Personal information
- Born: Austin Matelson March 10, 1985 (age 41) Woodland Hills, California, U.S.
- Education: California State University, Northridge (BA, MA)

Professional wrestling career
- Ring name(s): Austin Draven Austin Morrison Judas Draven Judas Devlin Just Judas Killswitch Luchasaurus Vibora
- Billed height: 6 ft 5 in (196 cm)
- Billed weight: 275 lb (125 kg)
- Billed from: The Tar Pits
- Trained by: Ballard Brothers Bill DeMott Billy Gunn Ric Drasin Ricky Steamboat Terry Taylor
- Debut: 2009

= Luchasaurus =

American professional wrestler

Austin Matelson (born March 10, 1985), better known by his ring name Luchasaurus, is an American luchador enmascarado (or masked professional wrestler). He is signed to All Elite Wrestling (AEW), where he is one-half of Jurassic Express with "Jungle" Jack Perry.

Matelson began his professional wrestling career in 2009. He then signed a developmental contract with WWE in 2012 and was sent to train at the former Florida Championship Wrestling (FCW) under the ring name Judas Devlin; that same year, FCW was rebranded as NXT, where Matelson remained until his release in 2014. After a two-year hiatus, he signed with Lucha Underground as Vibora and worked there from 2016 to 2018. He also began working on the independent circuit in 2016 under the Luchasaurus gimmick until he signed with AEW in 2019. He continued his partnership with Jungle Boy as Jurassic Express, becoming a one-time AEW World Tag Team Champion. He later aligned with Christian Cage, which saw him win the AEW TNT Championship, and later took on the ring name Killswitch in September 2023.

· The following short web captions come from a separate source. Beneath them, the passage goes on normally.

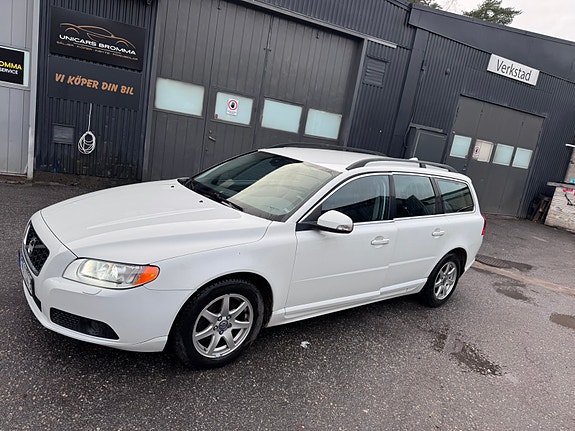 Volvo V70 2 of 12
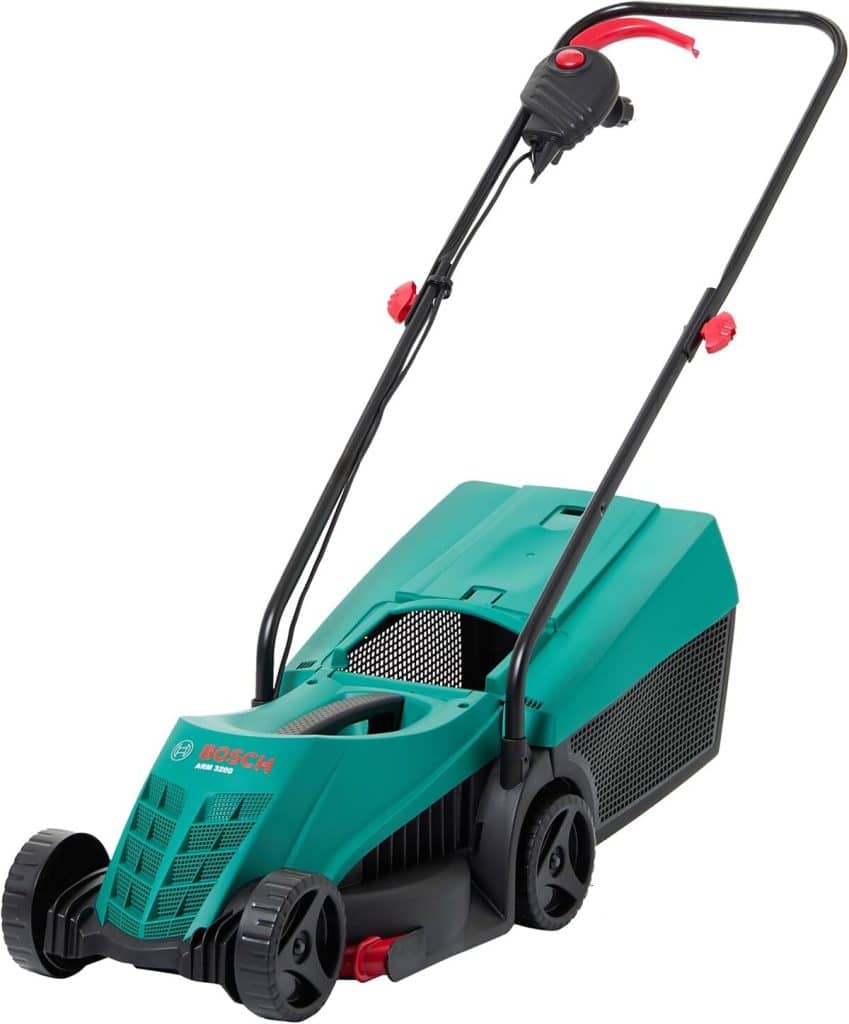 Test de la tondeuse Bosch Arm 3200, 1200 W
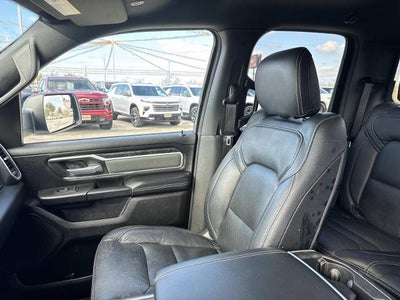 2022 RAM 1500 Big Horn 4x2 Quad Cab 6'4" Box RWD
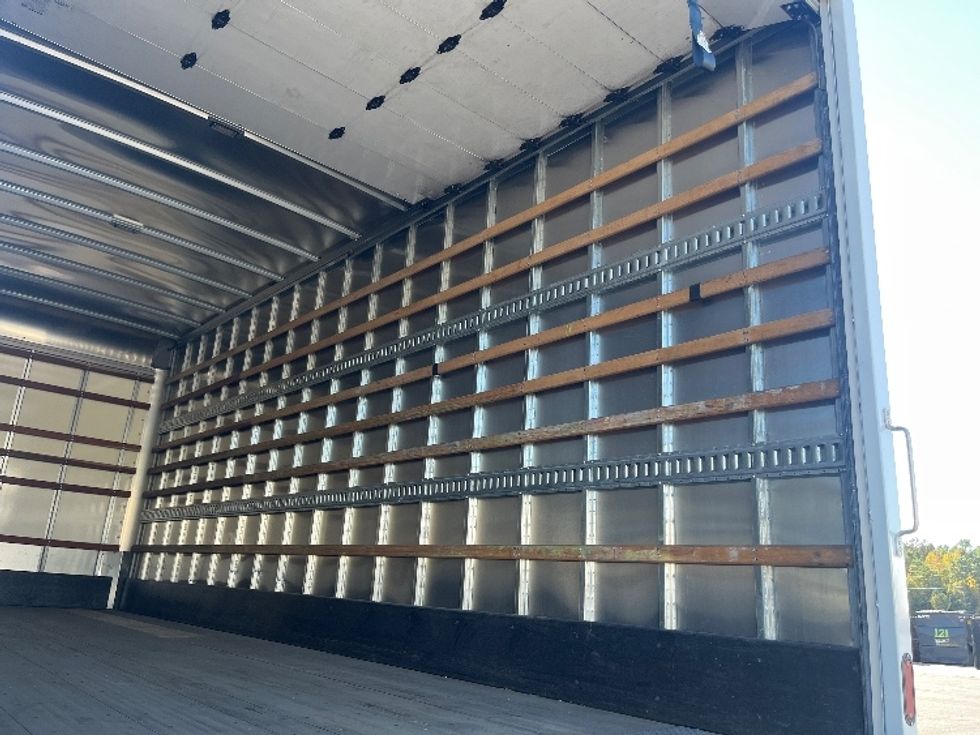 Medium Duty Box Truck-Light and Medium Duty Trucks-International-2022-MV607-Alabaster-AL-89,315\n\t\tmiles-$ 73,750 - Image 12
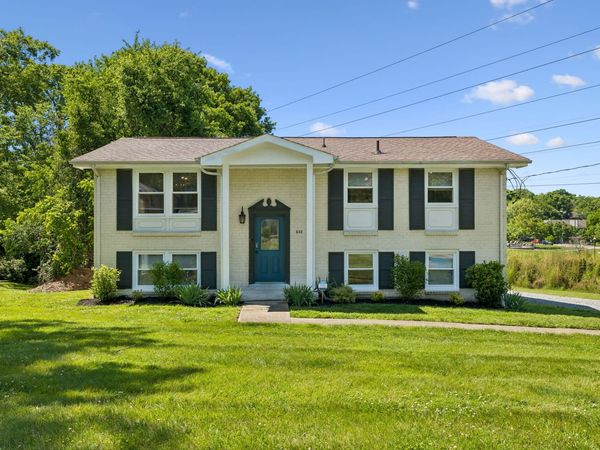 632 Larchwood Dr, Nashville, TN 37214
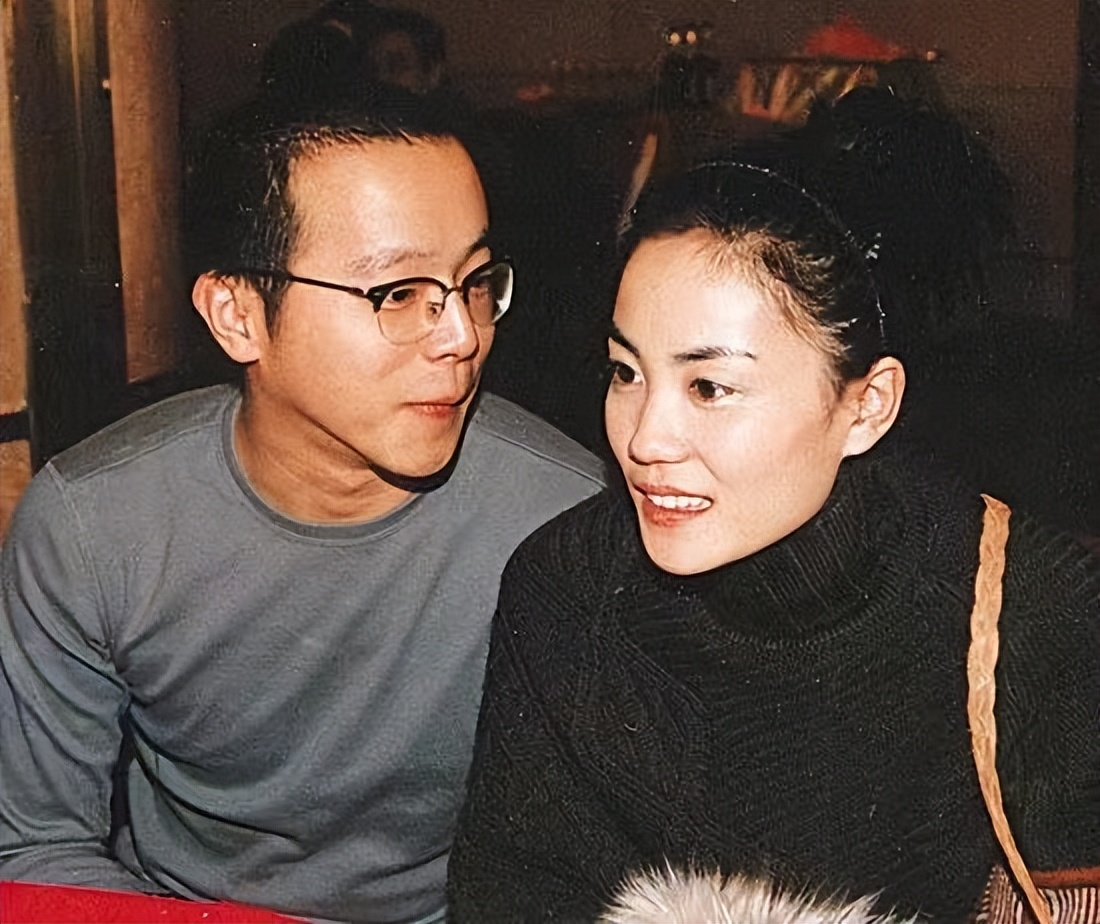 王菲和谢霆锋张柏芝的情史,李亚鹏与王菲现在的情史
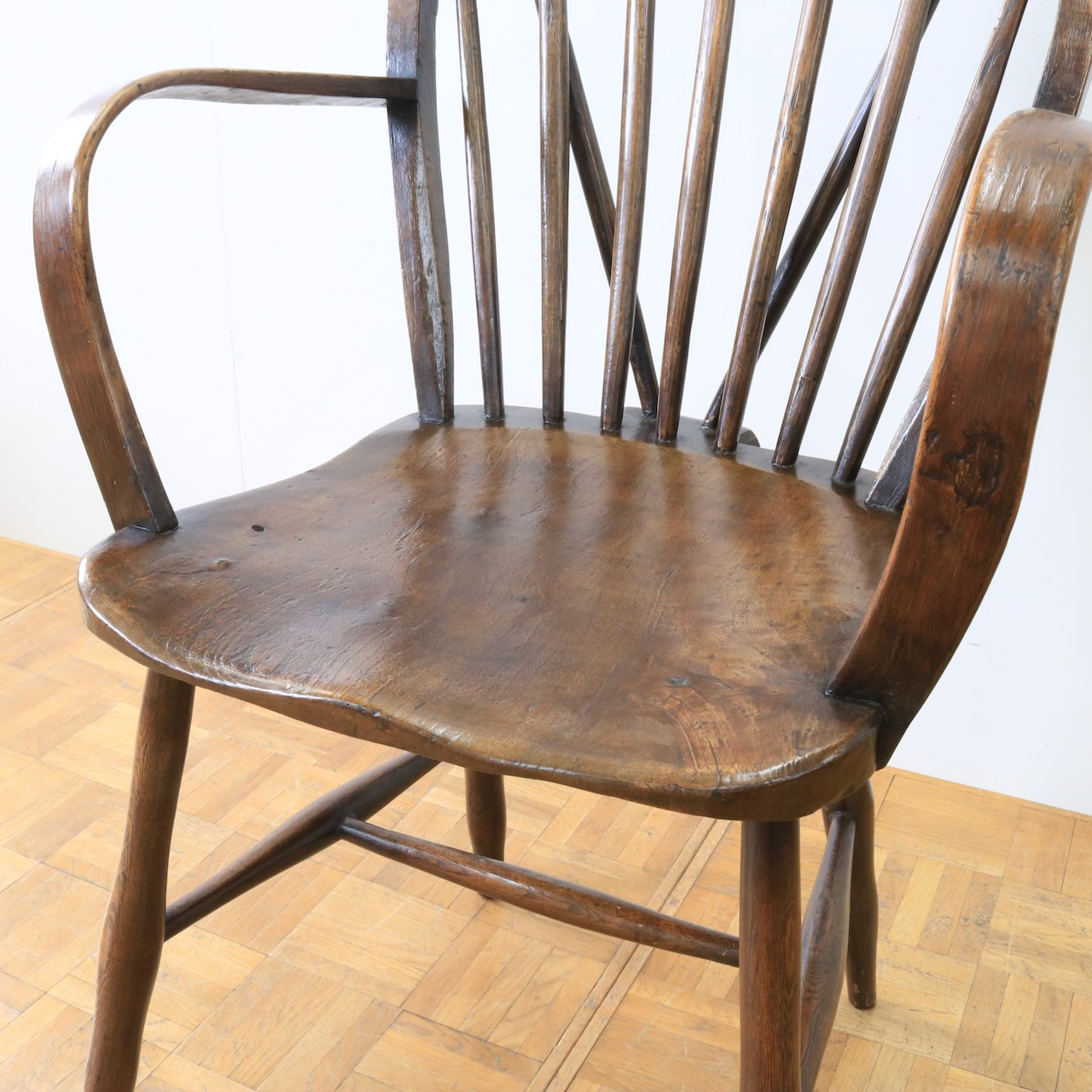 アームチェアー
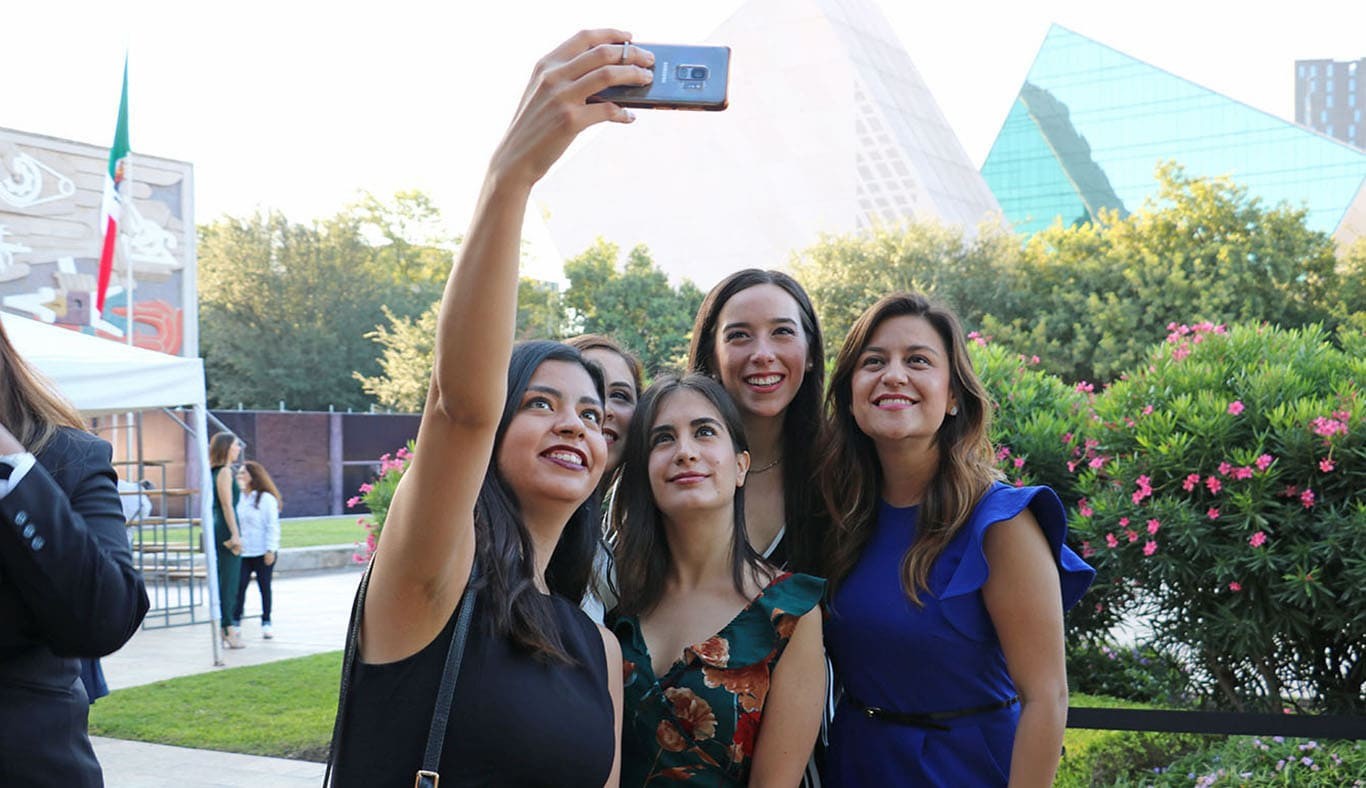 Así se vivió la Foto de Generación en campus Monterrey (fotogalería)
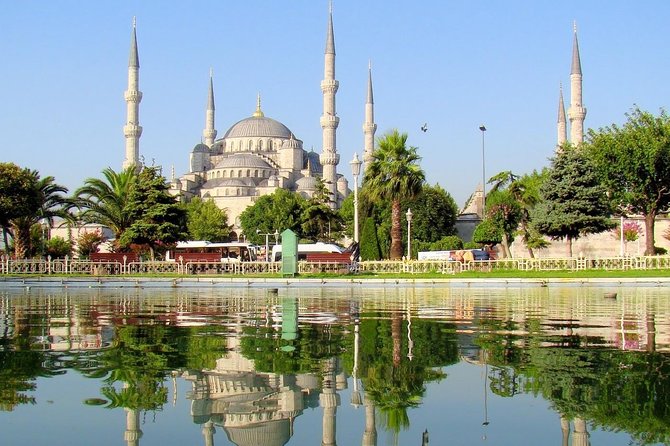 Klassische Istanbul-Tour mit St. Sophia, Blauer Moschee, Topkapi-Palast und G. Basar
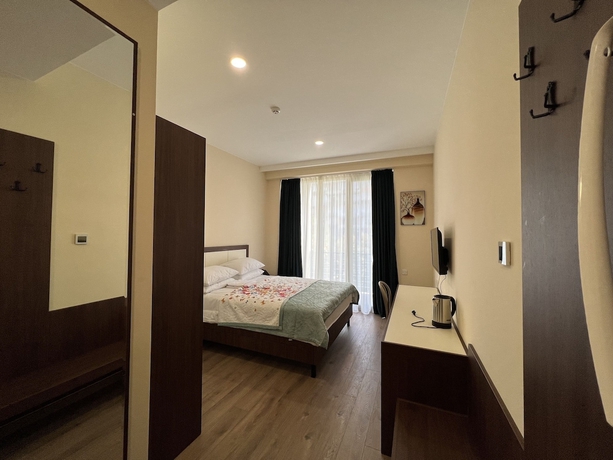 Imagen de la habitación del Hotel West Tbilisi. Foto 16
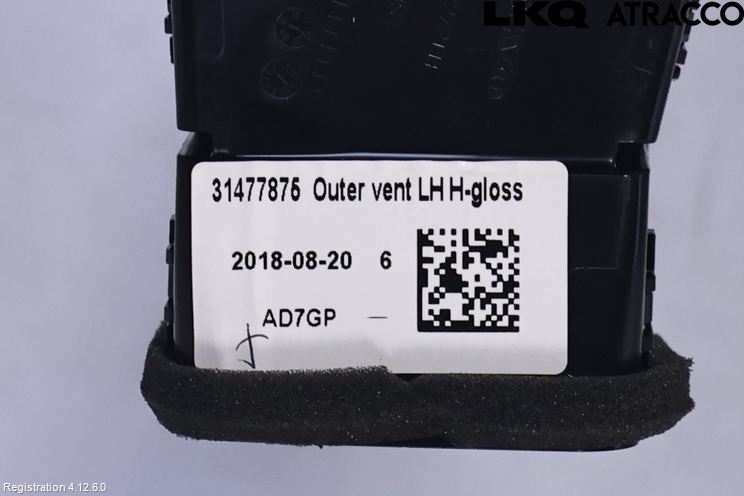Volvo V60 CROSS COUNTRY 19- Dashbord Kanal - Dyse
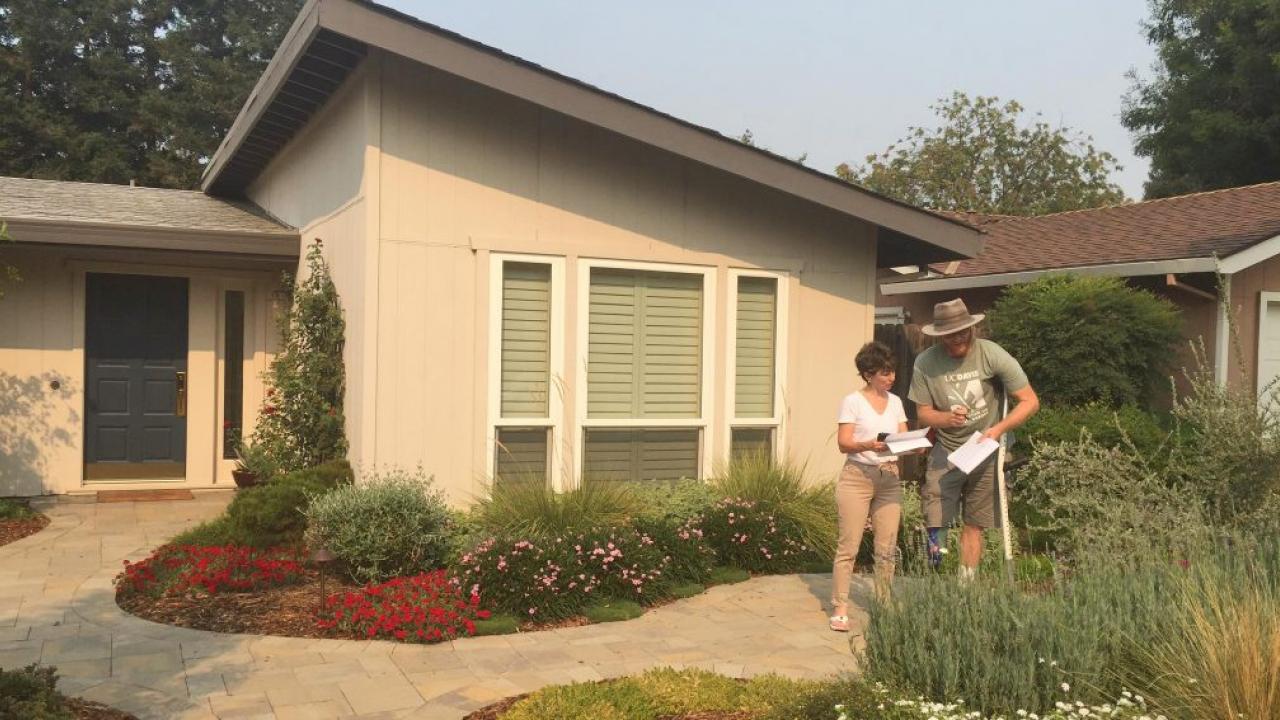 Image of Ria de Grassi's lawn-free front yard in which she incorporated many of the plants she purchased at the UC Davis Arboretum Teaching Nursery plant sales.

During his two-year wrestling hiatus from 2014 to 2016, Matelson appeared on Access Hollywood and was a house-guest on the reality competition, Big Brother 17, in which he placed 5th. He also appeared on The Price Is Right.

==Professional wrestling career==
===Early career (2009–2012)===
Matleson started his wrestling career out in California working in various independent promotions.

===WWE (2012–2014)===
In 2012, Matelson signed a developmental contract with WWE and was sent for training at Florida Championship Wrestling (FCW) where he was given the ring name Judas Devlin. On August 1, 2012, he made his FCW debut teaming with Corey Graves defeating Briley Pierce and CJ Parker. In 2012, FCW was rebranded as NXT and Devlin transferred to the new development brand, performing mainly at house shows. Matelson was released in 2014 after a severe hip injury suffered in March 2013. He would be inactive from wrestling.

===Independent circuit (2016–2019)===
Matelson made his return to professional wrestling in 2016, having not competed since his release from WWE in 2014. On June 17, 2016, in a match for Millenium Pro Wrestling (MPW) under the ring name Austin Draven, he defeated Ryan J. Morales. On September 30, 2016, under the ring name Just Judas, he defeated Danny Divine to become MPW Heavyweight Champion.

On November 9, 2017, Matelson teamed with fellow Big Brother contestant Jessie Godderz under the team name "Team Big Brother", they defeated HATE (Peter Avalon and Ray Rosas) in a match for Bar Wrestling.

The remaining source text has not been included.